How cloud Chambers Revealed Subatomic Particles
Atoms are made of electrons, protons and neutrons. Protons and neutrons are in turn made up of quarks. These are just some of the elementary particles that make up the foundation of modern particle physics. But how do we know about these particles when we can’t see atoms directly, much less their constituents? One of the early methods was through a device known as a cloud chamber, and it is quite a clever invention.
The basic idea of a cloud chamber is a seal container filled with alcohol vapor. The vapor is cooled to the point that it is supersaturated. Because of this, small disturbances can trigger the formation of small alcohol droplets, which appear as a streak of mist or “cloud” (hence the name). When the container is made with transparent sides, then the cloud trails can be easily seen, and even photographed.

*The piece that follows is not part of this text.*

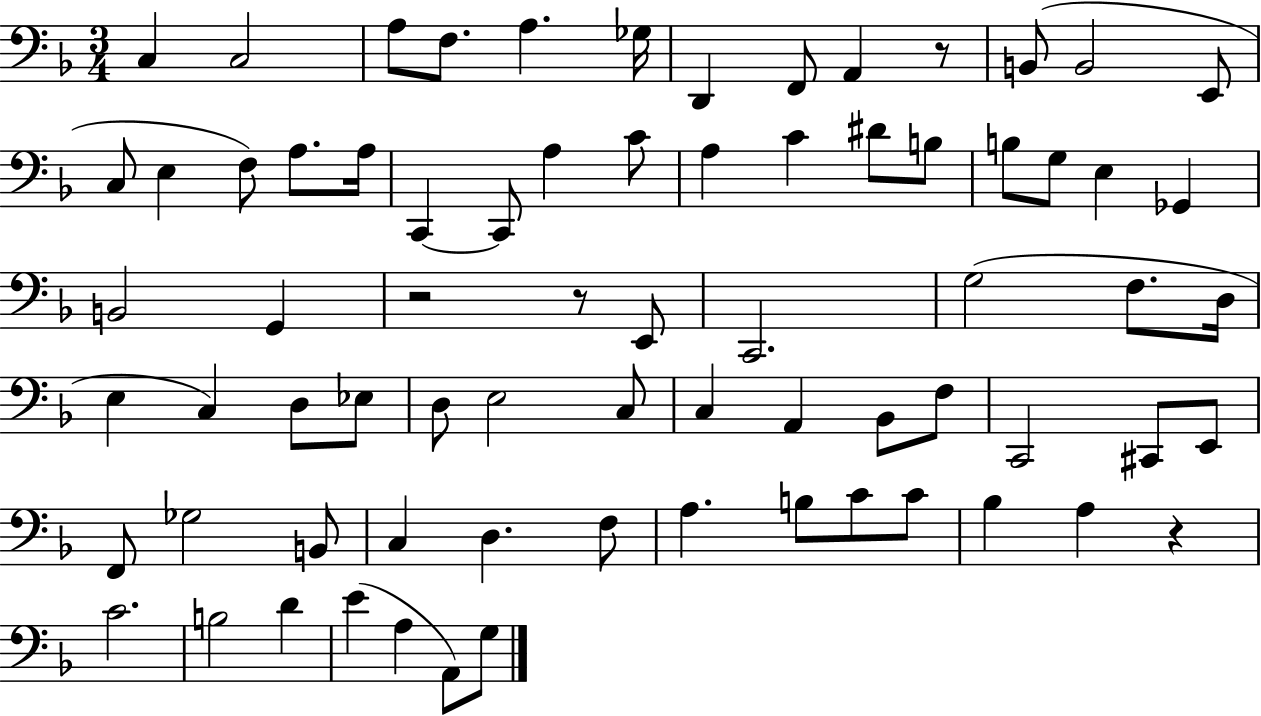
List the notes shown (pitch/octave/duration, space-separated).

C3/q C3/h A3/e F3/e. A3/q. Gb3/s D2/q F2/e A2/q R/e B2/e B2/h E2/e C3/e E3/q F3/e A3/e. A3/s C2/q C2/e A3/q C4/e A3/q C4/q D#4/e B3/e B3/e G3/e E3/q Gb2/q B2/h G2/q R/h R/e E2/e C2/h. G3/h F3/e. D3/s E3/q C3/q D3/e Eb3/e D3/e E3/h C3/e C3/q A2/q Bb2/e F3/e C2/h C#2/e E2/e F2/e Gb3/h B2/e C3/q D3/q. F3/e A3/q. B3/e C4/e C4/e Bb3/q A3/q R/q C4/h. B3/h D4/q E4/q A3/q A2/e G3/e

What makes this device useful for particle physics is that droplets can be triggered by charged particles passing through the chamber. A trail of droplets forms along the path of the particle, and by observing these trails we know that a charge particle has passed by. Cloud chambers provided the first observation of cosmic rays, appearing as random streaks in an isolated chamber. They also demonstrated that radioactive materials emit charged particles, since trails appeared when radioactive materials were placed near a chamber.
By itself, a cloud chamber can only show that a charged particle has passed by. It can’t distinguish the type of charged particle, or even the sign of its charge. Thus it can’t distinguish between protons and electrons, for example. To distinguish particles you also need a magnetic field.

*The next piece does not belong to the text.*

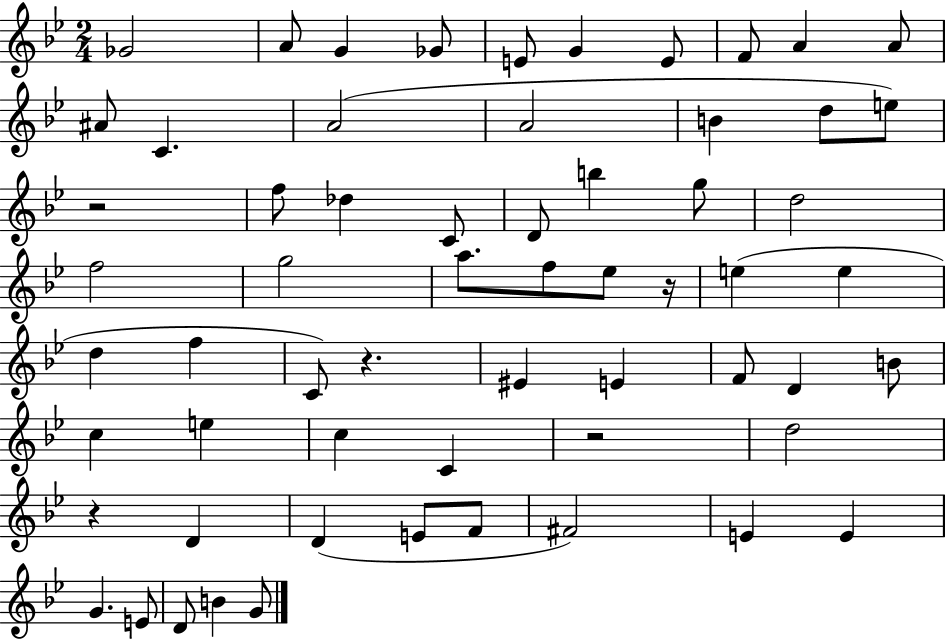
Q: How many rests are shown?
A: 5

When a charged particle moves through a uniform magnetic field, it experiences a force perpendicular to its motion. This means the magnetic field doesn’t affect the speed of the particle, but instead changes its direction. As a result, the charged particle will move in a circular path. The direction the particle circles depends upon the sign of its charge, and the size of the circle depends upon the particle’s mass. By placing a magnetic field through a cloud chamber, one determine the charge and mass of particles by their circular trails. This is how the first positron (anti-electron) was discovered. It produced a circular path that was the same size as an electron’s, but in the opposite direction.

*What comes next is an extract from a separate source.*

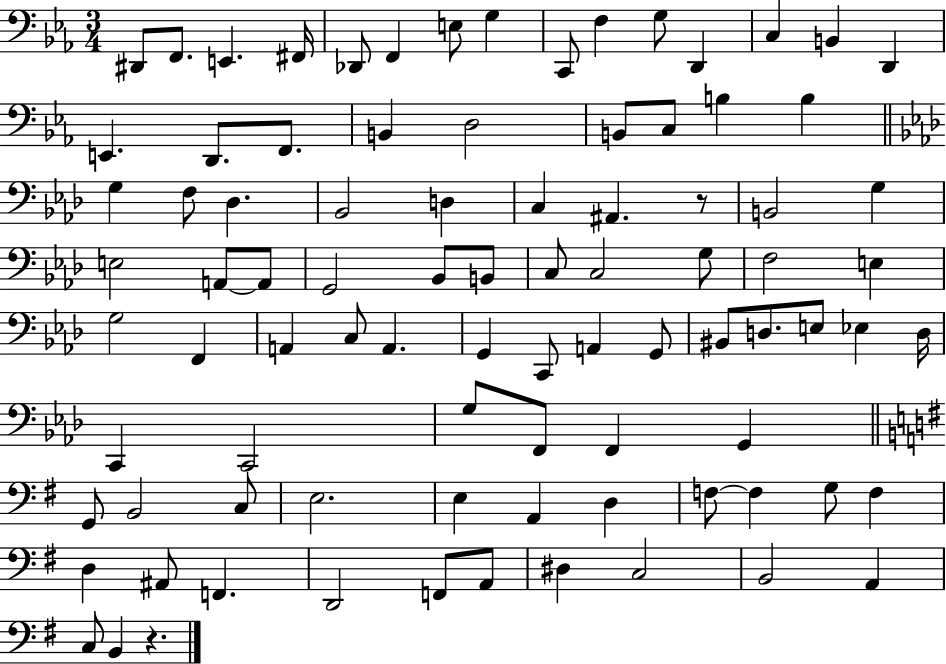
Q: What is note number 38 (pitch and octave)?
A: Bb2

While cloud chambers gathered the first crucial evidence for particle physics, they had the downside of having fuzzy cloud trails. This meant that getting precise observations was often difficult. The trails also diffused quickly, making them hard to study. In 1952 a similar device known as a bubble chamber was invented. This used critically heated liquid rather than vapor, and charged particles would produce a trail of vapor bubbles. This was particularly useful for early high-energy particle physics. Since then a range of other particle detectors were developed, and now particle physics is typically done with sensitive detector arrays.
As our understanding of particle physics increased, so did our understanding of the universe. Black holes, neutron stars, supernovae and the big bang are just a few of the phenomena we now understand thanks to particle physics. And the cloud chamber is what allowed us to make crucial breakthroughs in the early 1900s.